-- Opening Marker --

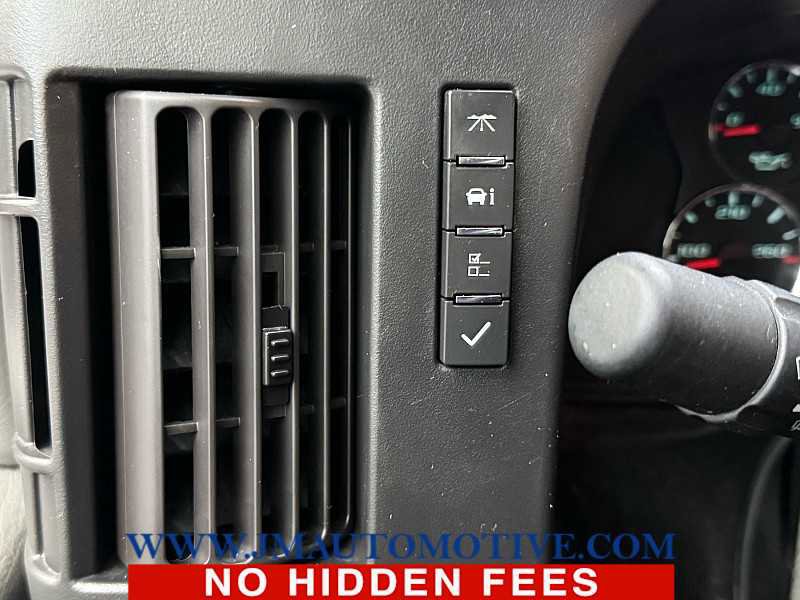 Used 2017 Chevrolet Express 2500 RWD image 20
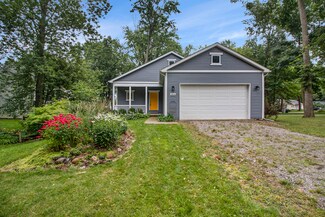 7810 Shady Ln, Whitmore Lake, MI 48189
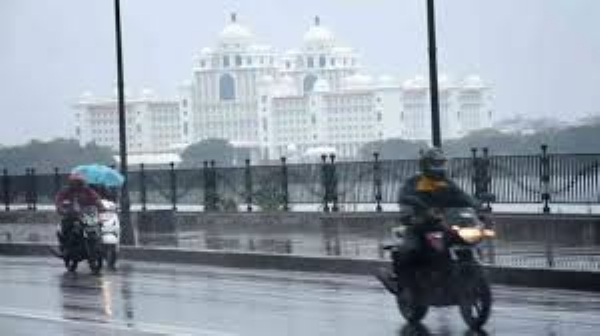 Red Alert Issued in Telangana as IMD Warns of Heavy Rain and Thunderstorms Red Alert Issued in Telangana as IMD Warns of Heavy Rain and Thunderstorms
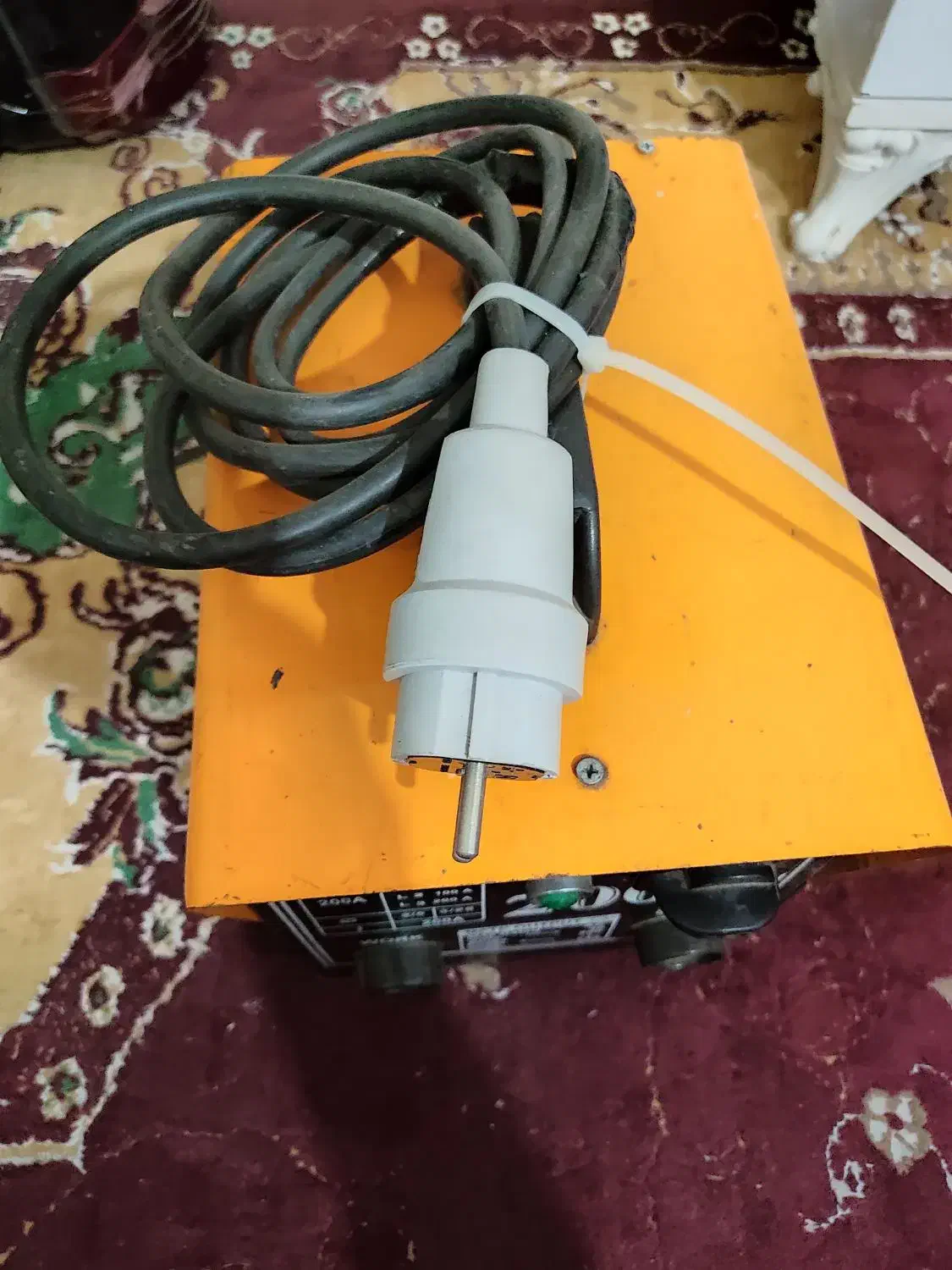 موتور جوش میلر ۲۰۰ آمپر|ابزارآلات|پرند, فاز ۱|دیوار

-- Closing Marker --

• **Task prompt**:
What is needed is an exact copy of the lines from the line with "7810 Shady Ln, Whitmore Lake, MI 48189" to the end of the data above, both included, without any pictures.

• **Answer space**:
 7810 Shady Ln, Whitmore Lake, MI 48189
 Red Alert Issued in Telangana as IMD Warns of Heavy Rain and Thunderstorms Red Alert Issued in Telangana as IMD Warns of Heavy Rain and Thunderstorms
 موتور جوش میلر ۲۰۰ آمپر|ابزارآلات|پرند, فاز ۱|دیوار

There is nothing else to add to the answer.